George Osborne, the shadow Chancellor, promised to sweep away the "failed" three-way split brought in by Gordon Brown in 1997, under which financial regulation is shared between the FSA, the Bank and the Treasury.

The Bank would be in firmly in the driving seat under a Cameron government. The FSA, which is locked in a turf war with the Bank, would disappear, becoming part of a powerful new Consumer Protection Agency that would force banks and credit card companies to provide easily-understood information about charges and interest rates so people could shop around.

New powers for the Bank will fuel Labour suspicions about the increasingly close relationship between Mr Osborne and Mervyn King, the Bank of England Governor. However, Mr King would not enjoy untrammelled power on regulation under the proposals in today's White Paper. The Bank would set up a Financial Policy Committee, including outside experts, to work in parallel with the Monetary Policy Committee which sets interest rates. A new Deputy Governor would be responsible for regulation.

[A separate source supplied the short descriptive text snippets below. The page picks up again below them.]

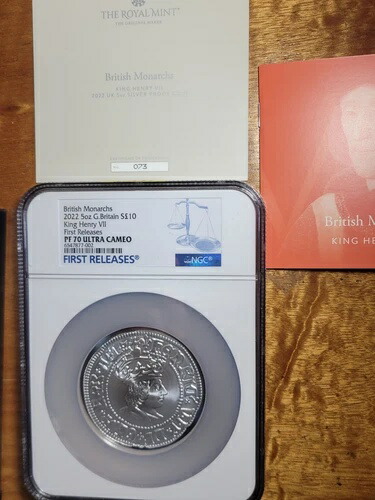 2022 NGC PF70 英国君主 5オンス ヘンリー7世 銀貨 10ポンド COA# 73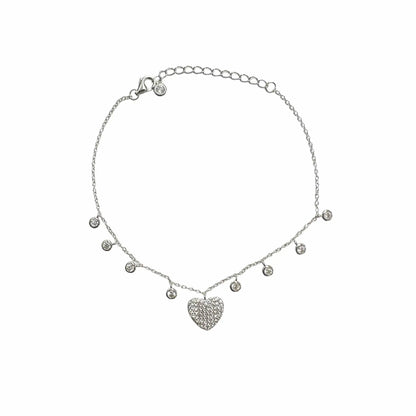 925 Sterling Silver Rhodium Plated Heart and Round Dangling Charm Bracelet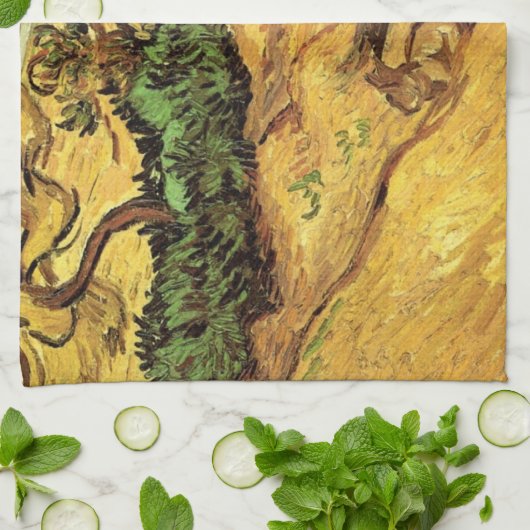 Feld mit zwei Kaninchen von Vincent van Gogh Geschirrtuch (Gefaltet)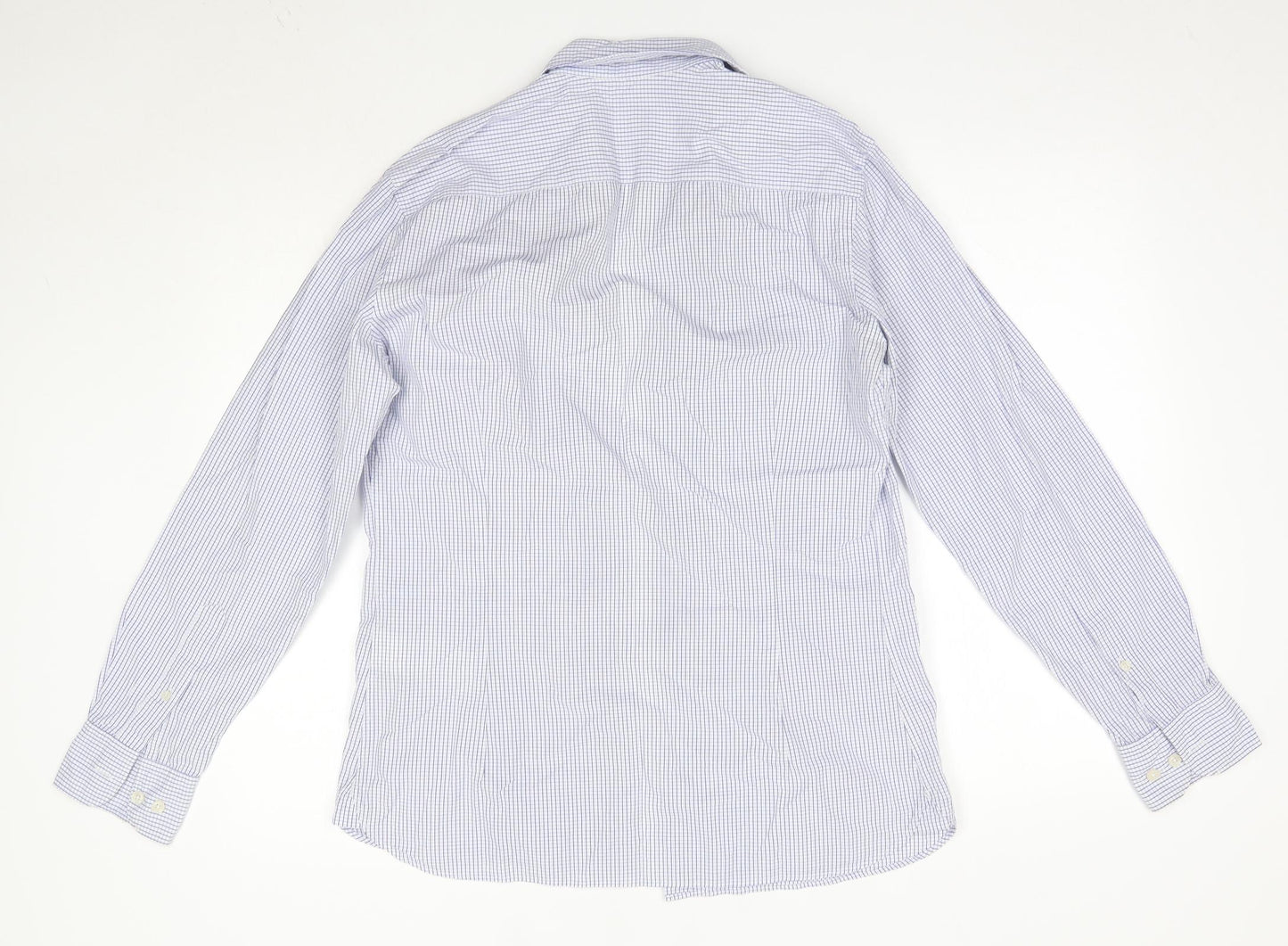 Hackett London Mens Blue Check Cotton  Button-Up Size S Collared
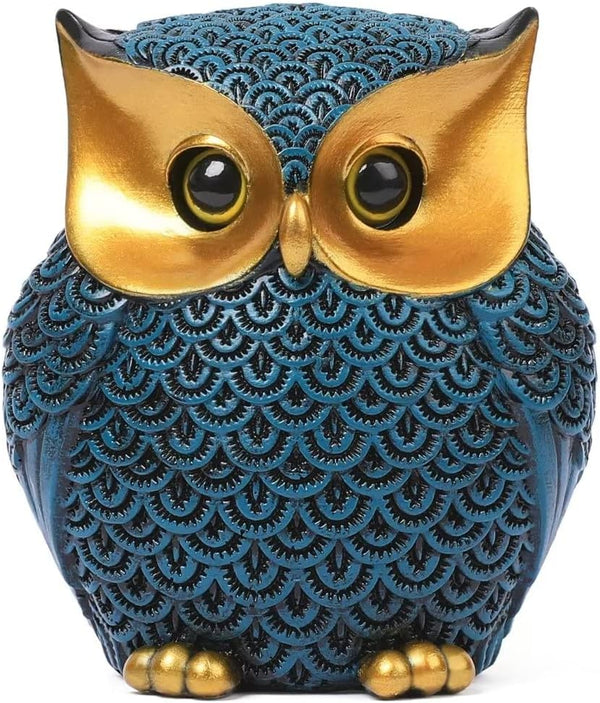 Owl Figurines Home Decor Accents Small Décor Items for Shelf Decorations for Living Room Office, Gifts for Owl Lover (Blue)1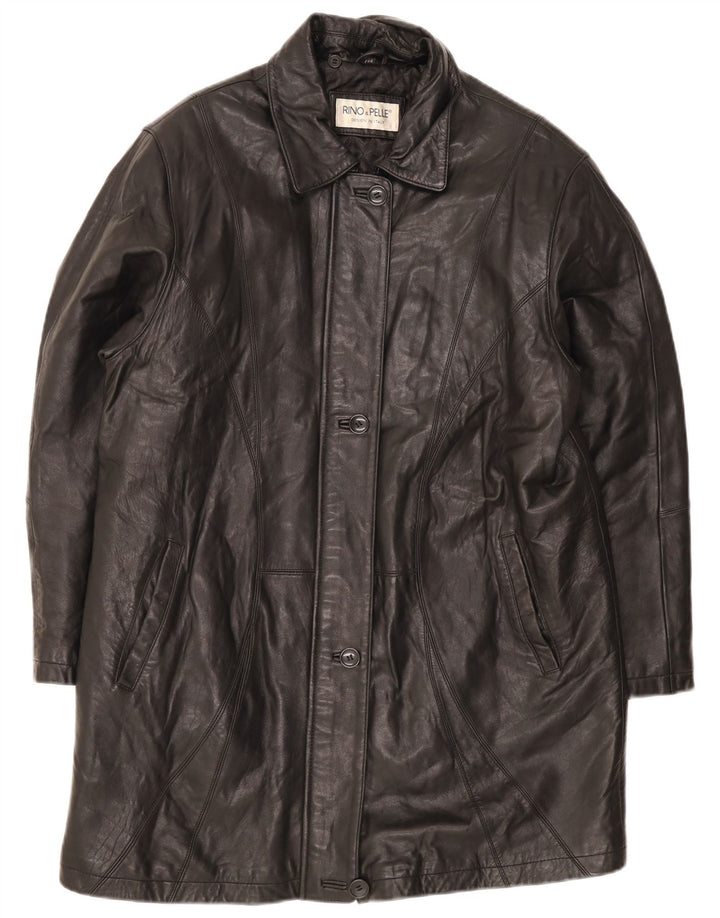 Женское кожаное пальто оверсайз Rino & Pelle IT 44 Medium Black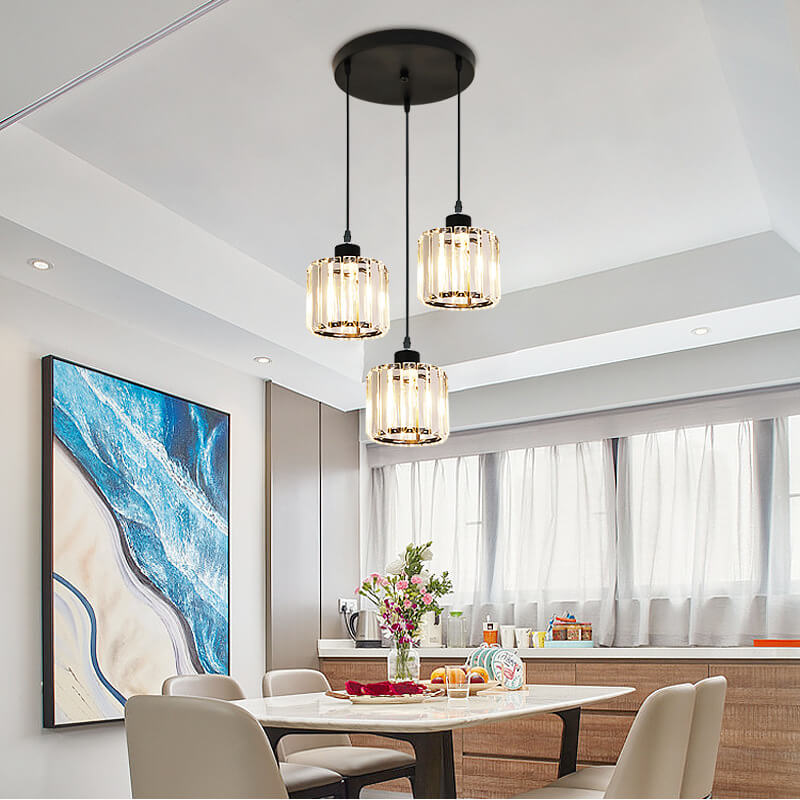 Textured Crystal 3-light Cylindrical Jar Pendant Light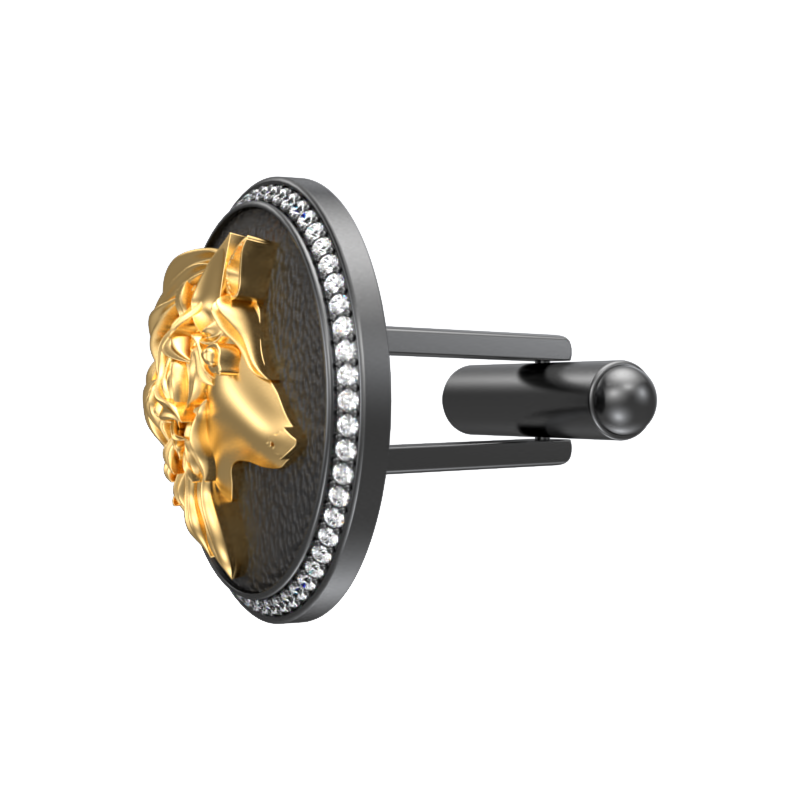 Wolf Luxe, Wild Cufflink Set with CZ Diamonds, 18kt Gold & Black Ruthenium Plating on Brass.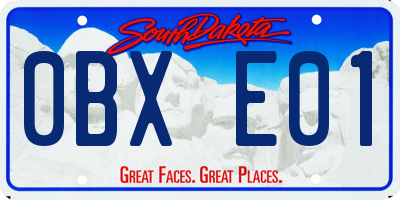 SD license plate 0BXE01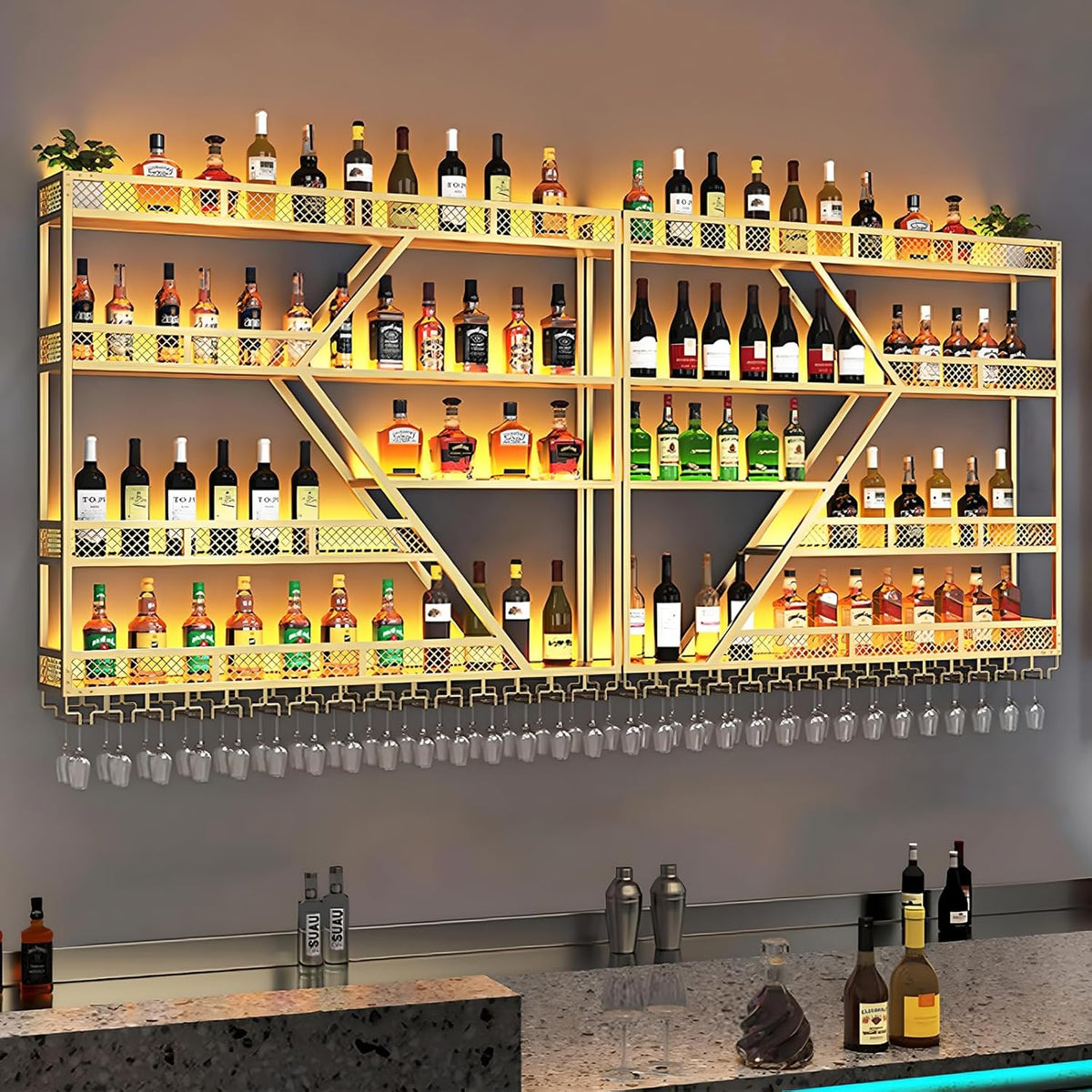 94.48in Metal Wine Rack Wall Mounted, Modern Wine Storage Rack Wall Mounted with Wine Glass Holder, Liquor Shelf, Bar Shelves for Liquor Bottles (4 Tiers Gold, 94.48 * 7.87 * 33.85INCH)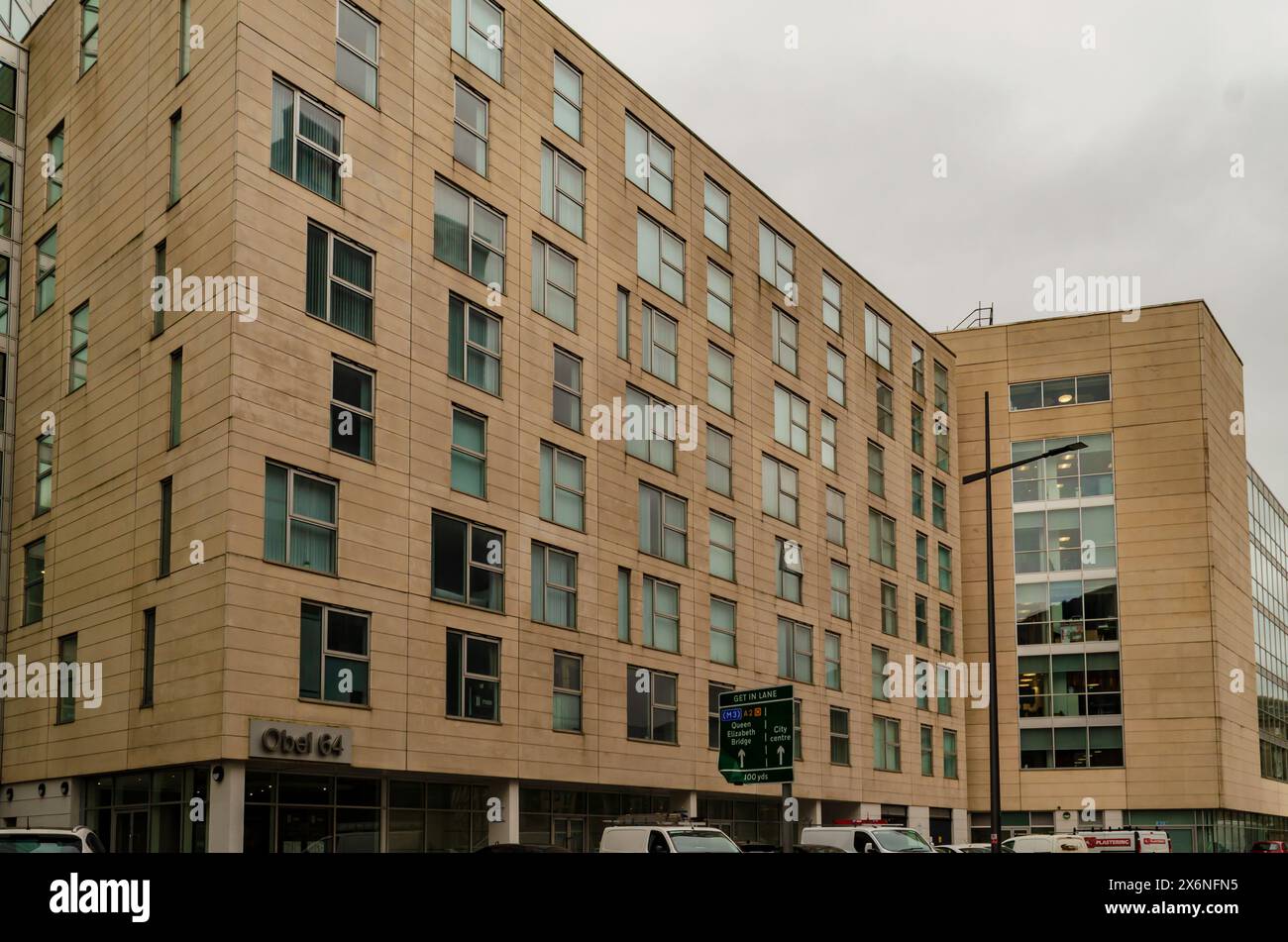 Belfast, contea di Antrim Irlanda del Nord 12 marzo 2024 - Obel 64 fa parte del complesso Obel Tower, composto da appartamenti e locali commerciali Foto Stock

The Bank would regulate the pay structures, riskiness, complexity and size of banks, building societies and insurance companies. Those that put stability at risk would be forced to hold large amounts of capital to protect taxpayers. "This will effectively introduce a 'tax' on risky bonus structures that incentivise employees to seek short term profits at the expense of longer term stability," the Tory document says. There would be a similar approach towards banks judged "too big to fail". The salaries of Bank of England staff would be raised to ensure it attracts high calibre regulators, through a higher levy on financial firms.

A Tory government would order a Competition Commission inquiry before selling the state's shares in banks, a move that could see the break-up of the Lloyds Banking Group. Yesterday Mr Osborne promised a "change in culture" to ensure the Tories balanced the nation's books if they win power. In a BBC interview, he refused to rule out tax rises but said cutting spending was his preferred route.

A report out today warns that protecting health spending could result in tax rises or deep spending cuts in other areas. The Institute for Fiscal Studies and the King's Fund charity said that was the "inevitable" result of pledges by the Labour and Tory parties not to cut NHS spending in real terms after 2011.

Only large improvements in NHS productivity would alleviate the need for "hard decisions" about whether to cut other budgets or raise taxation over the period to 2017. John Appleby, chief economist at the King's Fund, said: "Both the Labour and Conservative parties have pledged to avoid cutting NHS spending in real terms from 2011 but this will come at a big price, whether in departmental cuts elsewhere or tax hikes."

The report says real increases in NHS funding averaging 2.5 per cent a year from 2011-17 could mean other departments facing annual budget cuts averaging 2.8 per cent, or about 16 per cent over six years.